Les commentaires d’un récent billet sur Venise fantasmaient sur l’idée d’une exposition seulement composée de cartels. Les élèves du Master ‘curatorial’ de Paris 1 (eh oui, après Rennes, Paris) ont fait un pas dans cette direction en concevant l’exposition ‘Déjà Vu’ qu’ils présentent à la galerie Michel Journiac jusqu’au 19 mars. La radicalité extrême aurait été de ne pas montrer les oeuvres, ou de n’en exposer que d’humbles reproductions photographiques, cartons d’invitation ou images de magazine ou d’Internet. Ce ne fut pas leur choix et il y a bien ici des oeuvres d’art à regarder, je rassure les visiteurs.
Mais ces oeuvres sont comme dévorées par les textes qui leur sont adjoints, textes critiques savamment recueillis et assemblés ici, polyphonie parfois convergente et parfois pleine de tension. Confrontant les discours, c’est une exposition qui parle d’expositions passées et de leur réception critique. C’est une approche audacieuse, éclairante mais déroutante.

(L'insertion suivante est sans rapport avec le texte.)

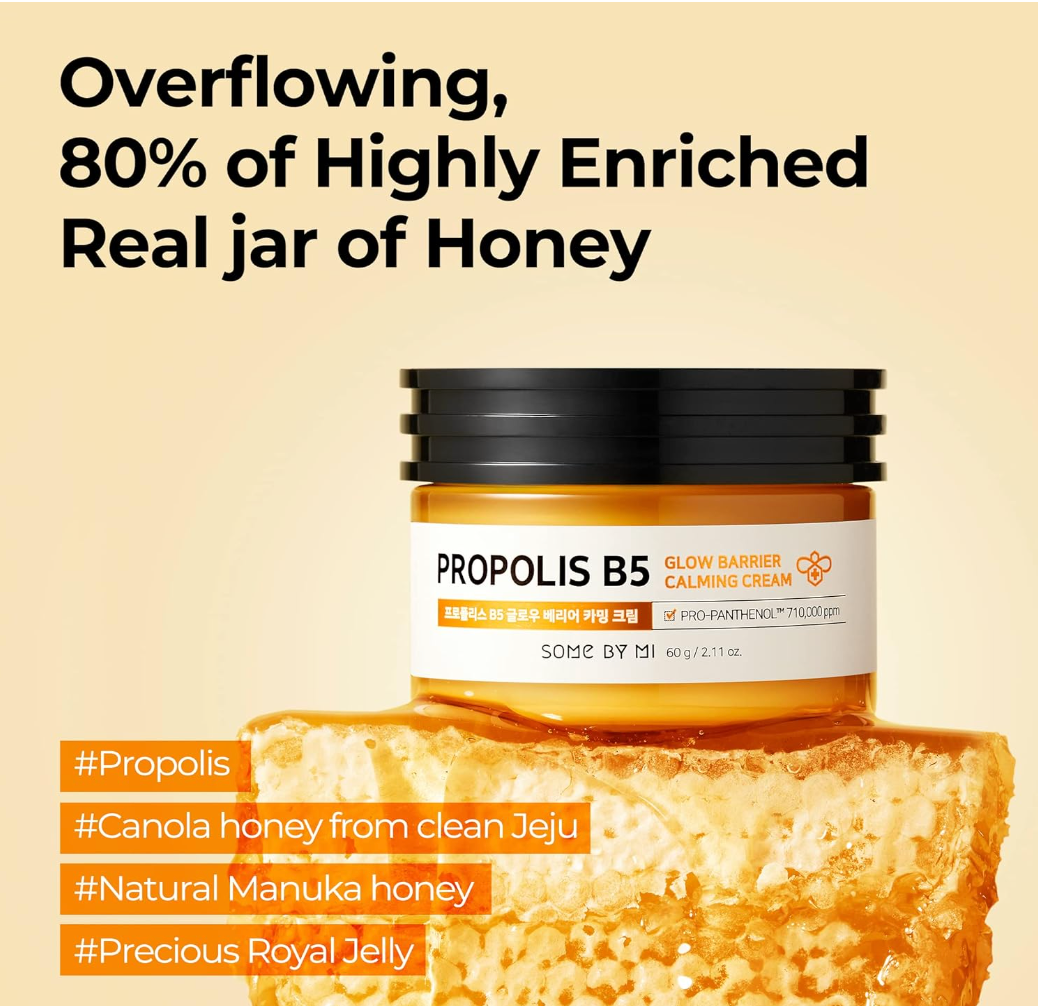 Some By Mi - Propolis B5 Glow Barrier Calming Cream - Regenerating Face Cream with Propolis – 60g, Korean skincare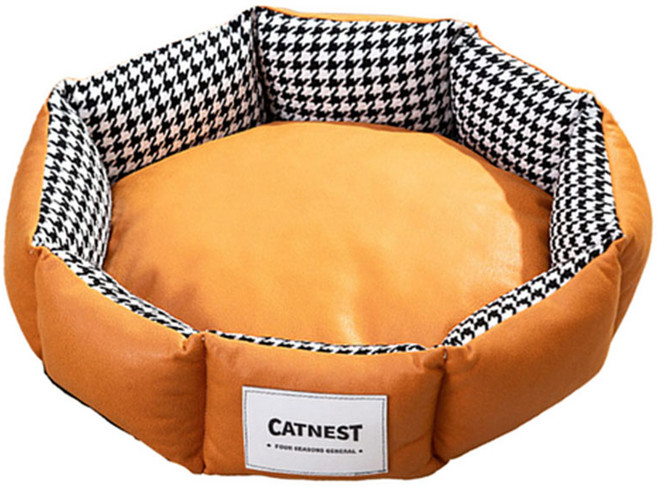 메일켓 오렌지 원형 강아지 애착 방석 고양이 쿠션, 1개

Certes l’impression visuelle des oeuvres domine; les textes de critique, encore qu’assemblés en panneaux de taille similaire aux oeuvres (à l’exception de la vidéo de Grimonprez pour laquelle les textes critiques défilent sur un petit téléviseur à côté de l’écran, dispositif cohérent mais malaisé à lire) sont des assemblages de mots sur des morceaux accolés de plastique transparent, comme flottants, manquant de réel, subordonnés. Davantage de monumentalité dans la présentation de la critique n’aurait pas nui au propos.
Les oeuvres elles-mêmes n’ont pas de cartel indiquant le nom de l’artiste : parfois, incertain, je dois lire le texte critique jusqu’à ce qu’apparaisse son nom, mais c’est un agacement assez agréable.
Il est tout à fait pertinent qu’intervienne le 18 mars dans le cadre de cette exposition Joël Riff. Joël Riff, qui se définit comme curieux, voit dix expositions par jour depuis cinq ans et demi. Il suit, pour chacune, un processus rigoureux de visite et de documentation : ce n’est pas tant le travail présenté qui compte pour lui que le fait de visiter, le rituel qui l’accompagne et l’obsession qui le mène. Son approche entre en résonance avec celle de cette exposition. Trop intellectuel ? peut-être, mais c’est aussi un bon moyen de réfléchir sur l’exposition et la critique.
Ci-dessus une oeuvre Sans titre de Richard Fauguet, similaire à celle présentée dans l’exposition, le petit vélo surchargé d’antivols, et Collection-Philippe Cazal ®PC de Philippe Cazal, une déclinaison de l’objet de collection tout à fait à sa place ici.